132.411           The applicant may be in or outside Australia, but not in immigration clearance.

means both bridging visa and MRT rights.

And s. 338(7A) reads:

(7A)     A decision to refuse to grant a non-citizen a permanent visa is an MRT-reviewable decision if:

(a)       the non-citizen made the application for the visa at a time when the non-citizen was outside the migration zone; and

(b)       the visa is a visa that could be granted while the non-citizen is either in or outside the migration zone.

(As stated below the advantage of applying for a subclass 132 visa onshore is that one gets a bridging visa)

But there is a layer of complication here.  The limitation period for applying for review is 21 days after notification as Reg 4.10 states:

4.10      (1)      FOR S. 347(1)(B) OF THE ACT, THE PERIOD IN WHICH AN APPLICATION FOR REVIEW OF AN MRT-REVIEWABLE DECISION MUST BE GIVEN TO THE TRIBUNAL:

(a)      if the MRT-reviewable decision is mentioned in s 338(2) or (7A) of the Act — starts when the applicant receives notice of the decision and ends at the end of 21 days after the day on which the notice is received;

And then there is this limitation in relation to merit review for the subclasss 132 visa if the application was lodged offshore as.
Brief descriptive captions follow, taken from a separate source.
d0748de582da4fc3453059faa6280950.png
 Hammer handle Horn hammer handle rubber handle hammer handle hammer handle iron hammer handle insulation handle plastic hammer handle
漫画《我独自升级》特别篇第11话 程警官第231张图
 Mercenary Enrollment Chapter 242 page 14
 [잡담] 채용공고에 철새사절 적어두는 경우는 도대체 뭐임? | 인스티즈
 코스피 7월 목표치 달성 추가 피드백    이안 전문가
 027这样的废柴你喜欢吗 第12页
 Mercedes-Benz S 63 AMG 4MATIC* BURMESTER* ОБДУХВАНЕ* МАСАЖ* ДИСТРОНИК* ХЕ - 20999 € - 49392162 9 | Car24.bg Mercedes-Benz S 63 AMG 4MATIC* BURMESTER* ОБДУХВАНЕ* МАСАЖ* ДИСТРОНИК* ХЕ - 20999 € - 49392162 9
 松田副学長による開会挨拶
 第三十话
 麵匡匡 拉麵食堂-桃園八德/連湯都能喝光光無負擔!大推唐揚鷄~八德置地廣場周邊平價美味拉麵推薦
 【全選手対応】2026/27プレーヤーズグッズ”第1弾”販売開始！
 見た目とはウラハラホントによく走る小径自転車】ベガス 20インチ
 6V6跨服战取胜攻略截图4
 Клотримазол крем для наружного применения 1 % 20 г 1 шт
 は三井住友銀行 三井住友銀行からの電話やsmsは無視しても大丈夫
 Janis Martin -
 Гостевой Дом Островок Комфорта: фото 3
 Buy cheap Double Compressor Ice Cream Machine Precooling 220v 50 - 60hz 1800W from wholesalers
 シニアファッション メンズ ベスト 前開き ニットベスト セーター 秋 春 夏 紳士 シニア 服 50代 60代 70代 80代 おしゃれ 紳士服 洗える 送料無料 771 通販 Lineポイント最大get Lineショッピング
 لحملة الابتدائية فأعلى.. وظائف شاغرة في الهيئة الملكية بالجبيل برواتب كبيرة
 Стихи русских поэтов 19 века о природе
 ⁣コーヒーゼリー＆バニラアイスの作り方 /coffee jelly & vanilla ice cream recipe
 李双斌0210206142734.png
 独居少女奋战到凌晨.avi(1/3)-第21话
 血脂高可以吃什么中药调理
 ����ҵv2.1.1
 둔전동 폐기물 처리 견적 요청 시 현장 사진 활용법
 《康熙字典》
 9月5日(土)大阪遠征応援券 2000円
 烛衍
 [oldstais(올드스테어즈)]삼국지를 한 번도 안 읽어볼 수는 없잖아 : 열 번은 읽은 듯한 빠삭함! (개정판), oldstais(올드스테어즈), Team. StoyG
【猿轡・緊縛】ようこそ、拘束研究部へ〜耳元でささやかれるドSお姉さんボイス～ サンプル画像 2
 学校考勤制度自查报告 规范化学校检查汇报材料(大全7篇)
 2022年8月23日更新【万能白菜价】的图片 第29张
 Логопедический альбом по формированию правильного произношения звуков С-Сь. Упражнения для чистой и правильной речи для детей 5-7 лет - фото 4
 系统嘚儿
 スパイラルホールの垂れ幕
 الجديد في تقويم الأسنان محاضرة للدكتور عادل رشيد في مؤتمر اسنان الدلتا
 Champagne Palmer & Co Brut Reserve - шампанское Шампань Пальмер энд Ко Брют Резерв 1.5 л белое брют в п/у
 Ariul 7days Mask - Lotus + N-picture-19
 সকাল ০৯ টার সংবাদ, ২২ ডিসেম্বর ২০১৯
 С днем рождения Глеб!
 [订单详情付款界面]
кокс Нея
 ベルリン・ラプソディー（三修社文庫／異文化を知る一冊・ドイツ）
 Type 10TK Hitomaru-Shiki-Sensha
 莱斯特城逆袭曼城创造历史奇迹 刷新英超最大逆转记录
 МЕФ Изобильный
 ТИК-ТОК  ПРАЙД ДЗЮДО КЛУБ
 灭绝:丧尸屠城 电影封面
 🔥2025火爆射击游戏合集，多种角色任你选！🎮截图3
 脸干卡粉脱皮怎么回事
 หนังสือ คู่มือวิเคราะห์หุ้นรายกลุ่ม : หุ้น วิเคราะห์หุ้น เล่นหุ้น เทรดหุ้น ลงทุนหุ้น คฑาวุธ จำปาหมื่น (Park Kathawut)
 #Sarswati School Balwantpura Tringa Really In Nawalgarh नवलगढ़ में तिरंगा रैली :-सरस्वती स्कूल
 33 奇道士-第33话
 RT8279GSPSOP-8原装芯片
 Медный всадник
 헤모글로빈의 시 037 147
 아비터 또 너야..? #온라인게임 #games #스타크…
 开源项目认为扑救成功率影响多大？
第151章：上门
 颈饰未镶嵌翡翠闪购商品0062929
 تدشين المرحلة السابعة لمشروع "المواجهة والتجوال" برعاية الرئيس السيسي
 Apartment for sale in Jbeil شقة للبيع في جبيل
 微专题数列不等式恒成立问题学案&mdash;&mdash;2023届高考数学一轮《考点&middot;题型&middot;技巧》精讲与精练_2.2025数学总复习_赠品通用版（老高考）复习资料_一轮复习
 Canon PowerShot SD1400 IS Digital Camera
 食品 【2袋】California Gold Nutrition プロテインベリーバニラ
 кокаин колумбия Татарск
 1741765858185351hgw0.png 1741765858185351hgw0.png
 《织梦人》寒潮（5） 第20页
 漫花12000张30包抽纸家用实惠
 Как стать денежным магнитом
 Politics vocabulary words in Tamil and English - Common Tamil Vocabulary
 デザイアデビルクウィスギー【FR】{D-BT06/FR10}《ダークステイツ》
S 347 (3A) states:

(3A)      IF THE PRIMARY DECISION WAS COVERED BY SUBSECTION 338(7A), AN APPLICATION FOR REVIEW MAY ONLY BE MADE BY A NON-CITIZEN WHO:

(a)      was physically present in the migration zone at the time when the decision was made; and

(b)      is physically present in the migration zone when the application for review is made.

To preserve an applicant’s merit review rights for an offshore lodged 132 visa application therefore one has to liaise with the case officer to ensure the refusal decision is made when the applicant is present in Australia (although there is no legal obligation of a case officer to wait until the applicant returns to Australia).

On the other hand is the subclass 132 application is made in Australia then s. 338(2) applies which reads:

(2)      A DECISION (OTHER THAN A DECISION COVERED BY SUBSECTION (4) OR MADE UNDER SECTION 501) TO REFUSE TO GRANT A NON-CITIZEN A VISA IS AN MRT-REVIEWABLE DECISION IF:

(a)      the visa could be granted while the non-citizen is in the migration zone; and

(b)      the non-citizen made the application for the visa while in the migration zone;

In such a case the applicant could be onshore or offshore at time of decision and still have merit review rights. Hence, one would only apply for a subclass 132 visa offshore if one had a no further stay provision attaching to a visa the applicant already had (ie like on a subclass 456).  If the no further stay condition 8503 applies to a visa held by an applicant then a subclass 132 visa application cannot be validly made onshore  – see the effect of s. 46(1A) which reads:

(1A)     …, AN APPLICATION FOR A VISA IS INVALID IF:

(a)      the applicant is in the migration zone; and

(b)      since last entering Australia, the applicant has held a visa subject to a condition described in s. 41(2)(a); and

(c)      the Minister has not waived that condition under s. 41(2A); and

(d)      the application is for a visa of a kind that, under that condition, the applicant is not or was not entitled to be granted

[8503 – no further stay is a condition described by s. 41(2)(a)]

Therefore a no further stay condition on an applicant’s existing temporary visa will mean that no valid application for a subclass 132 visa can be made onshore and therefore the merit review rights are determined by s. 338(7A) and  S 347 (3A).  All of this was discussed by the Federal Court in El Ess  v MIMEA [2004] FCA 1038 (13 August 2004).